In my previous post I mentioned a memory of watching from my bedroom window as a house down the highway burned. I don't remember how old I was then, but I walked or rode my bike by that house countless times since it was where I would turn east if I were headed to my friend Jeff's house, and to my right if I were walking north to where my barber had his shop alongside his house. The barber himself was a big, heavy man, and he would eventually have a heart attack that forced me to find a new barber while he took some time off. For many years my haircut was easy: as short a crew cut as a person could get. I must have been an easy 15 minutes' work for him. There were two good things about those haircuts: the hot lather on the back of my neck that was removed by a straight razor, and the post-haircut scalp massage. He recovered from his little heart-thing and resumed cutting hair about the time I started letting my hair grow out a bit (I must have been in 7th grade), and the day I went back to him he must not have noticed that my looks had changed, for he pretty much scalped me. "You want to cry?" my mother asked when I got home and showed her what had happened. "Yeah," I said, but since I was in 7th grade I knew I couldn't cry. "I don't blame you," she said.

But, the fire.

I watched the house burn from a mile or so away, and I recall smoke and fire trucks. Oddly enough, I also remember seeing someone walking away from the house, though I'm not sure how accurate this memory is given the distance between us.
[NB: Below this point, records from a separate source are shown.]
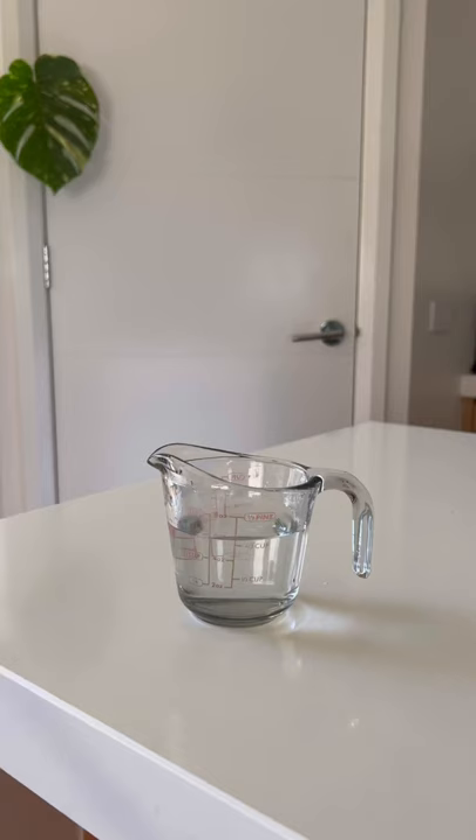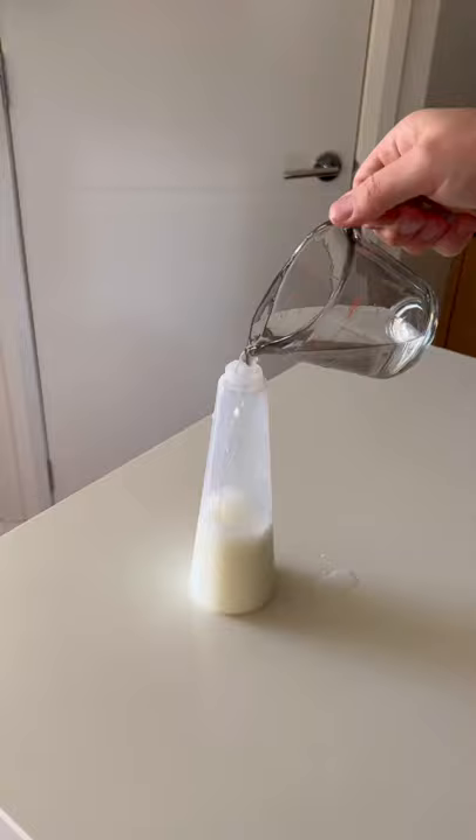Grab about three quarters of a cup of water and half a cup of milk, add them together in the spray bottle, give it a bit of a mix, and it's ready for your plants.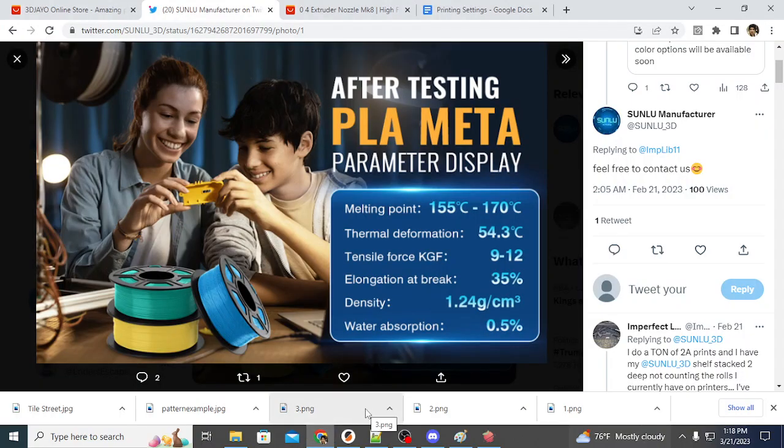Hello fellow 3D printers, this is Michael from Fungentiles and today I want to talk to you about a really interesting material called PLA Meta. If you have checked out my printing settings guide, which will be available as a link in the comment, you may have seen that I've recommended PLA Meta for certain parts, specifically stage top 3D printed parts that are visible to the eye.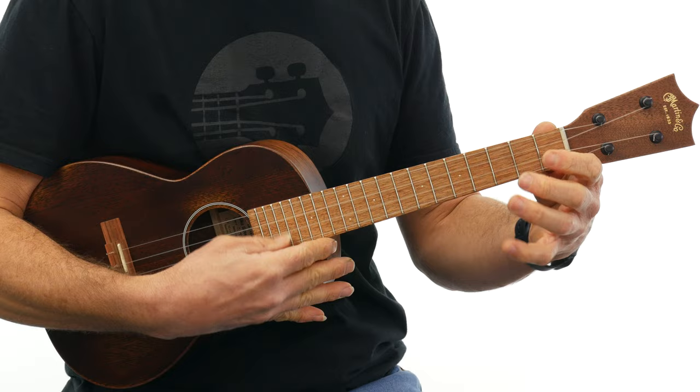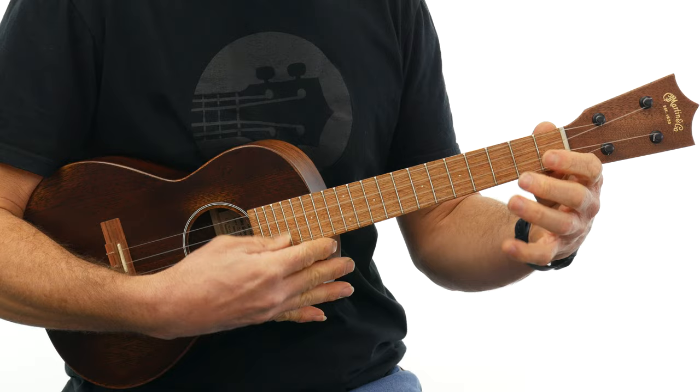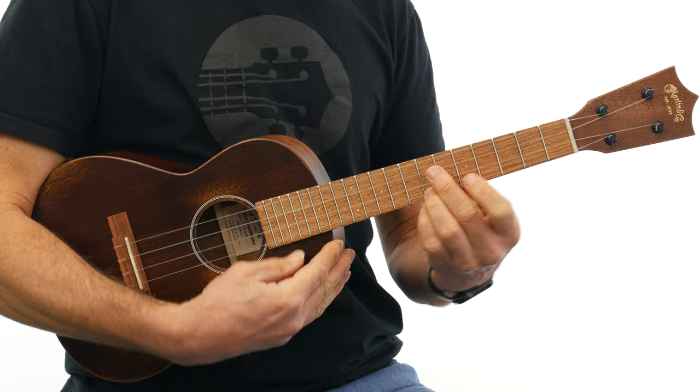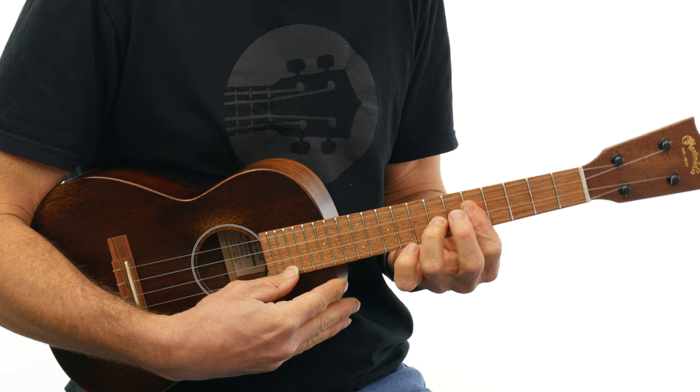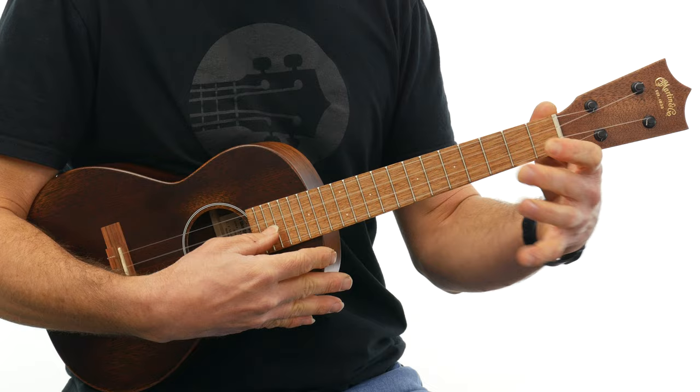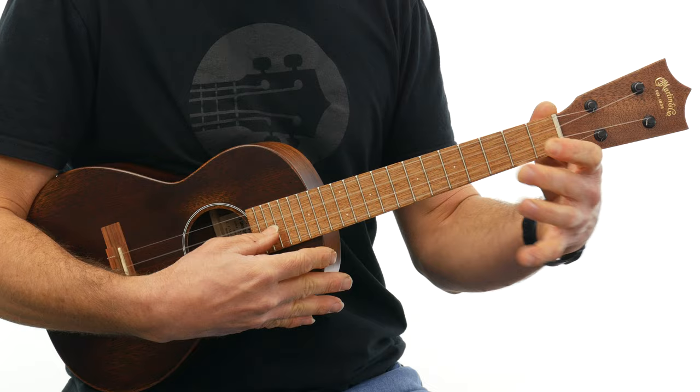All right, that was the vintage one. Let me grab the new one. And that was the new one. What do you think? Did one sound warmer? Did one sound sweeter? Did you like one better than the other? The vintage Martin, all solid mahogany, versus the brand new Martin, all solid mahogany.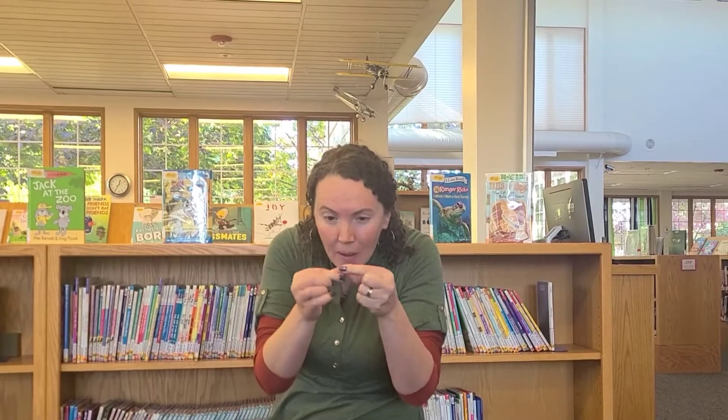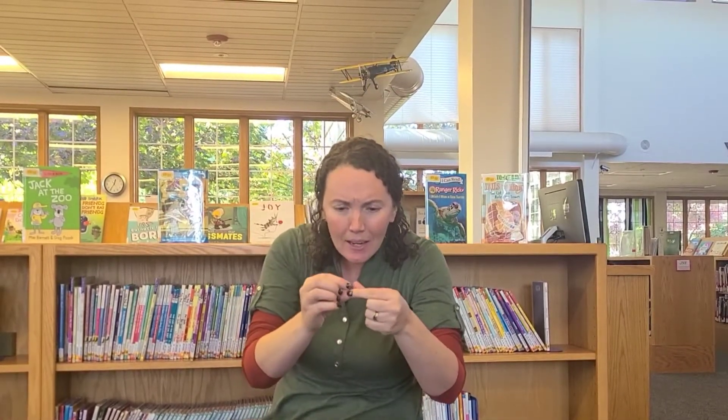The teeny tiny spider went up the water spout. Down came the rain and washed the spider out. Out came the sun and dried up all the rain. And the teeny tiny spider went up the spout again.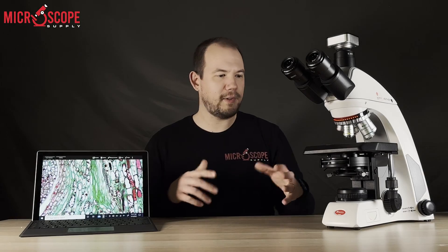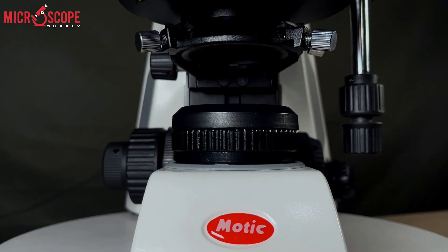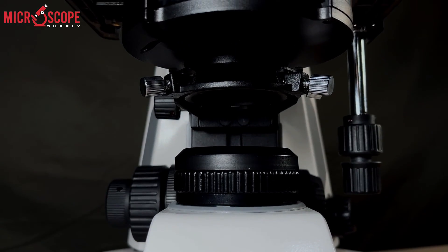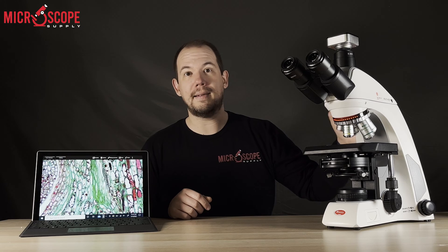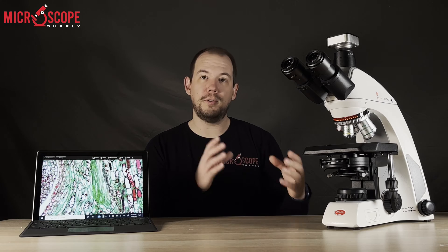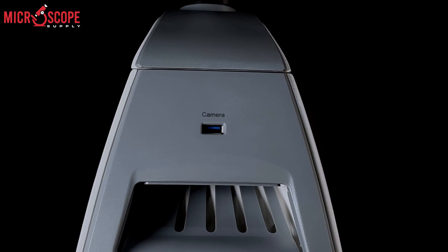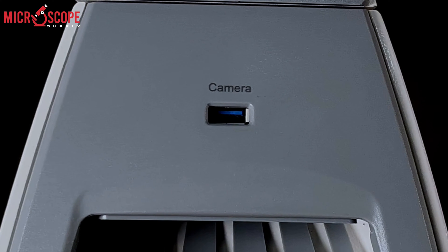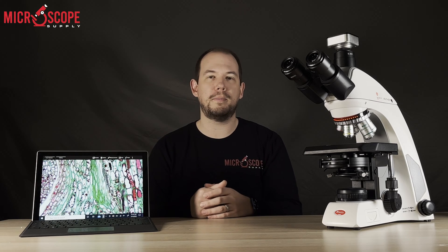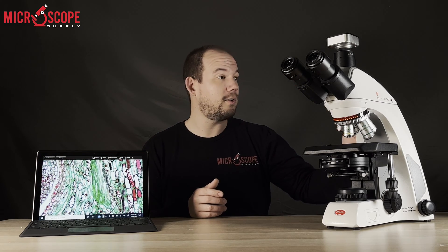Every C2 comes standard with an adjustable field diaphragm. If you want to set Köhler illumination, an adjustable field iris diaphragm is necessary. On the back of the C2 there is a USB 2 output to provide power to external cameras that require it, as well as the interface — whether USB 2 or USB 3 — so instead of running a cable out to an outlet, you can power the camera from this port in the back.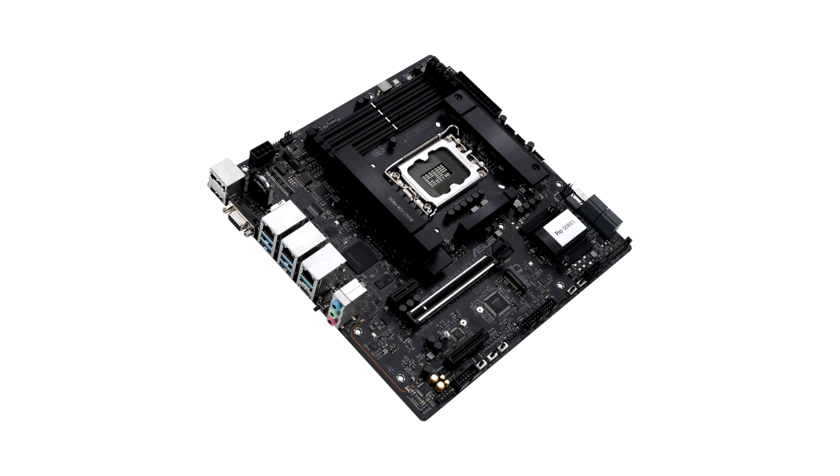Other more common motherboard features include a pair of PCIe 4.0 x4 NVMe M.2 slots, a single PCIe 5.0 x16 slot, a PCIe 4.0 x4 slot, and a PCIe 3.0 x1 slot.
Nevertheless, I've kept that memory for decades, and many years ago came up with a poem that was based in part on that memory. It's not an especially good poem, but I'm putting it up here nonetheless.

First Fire

I was eight years old when the first fingers
of white smoke reached up from the farmhouse
roof. An old woman walked through the yard,
stopping at the highway before turning to see
a birth of yellow heat.
The house burned for two hours.
The woman never moved--just watched,
just let the commotion of people
sing around her.
I wondered why she had carried
nothing out, and I made a list
of my own treasures to save:
the Tonka truck;
Ernie Banks’ baseball card;
a model of the USS Missouri.
Thirty years later I know other reasons
for fire: success, anger, love.
The old woman must have known too,
must have seen the same things
and more
in the years it took her to walk
from that house to that highway.
So why look back?
I imagine her saying.
Everything burns.
What rises out of those ashes
will rise.

In this poem, there are only a couple elements of fact: I owned a never-completed model of the USS Missouri, and the fire itself. I was never a toy-truck person, so I never owned a Tonka truck; I would've killed for an Ernie Banks baseball card, but I never had one--though was was an fan of the Chicago Cubs, the team on which Banks played.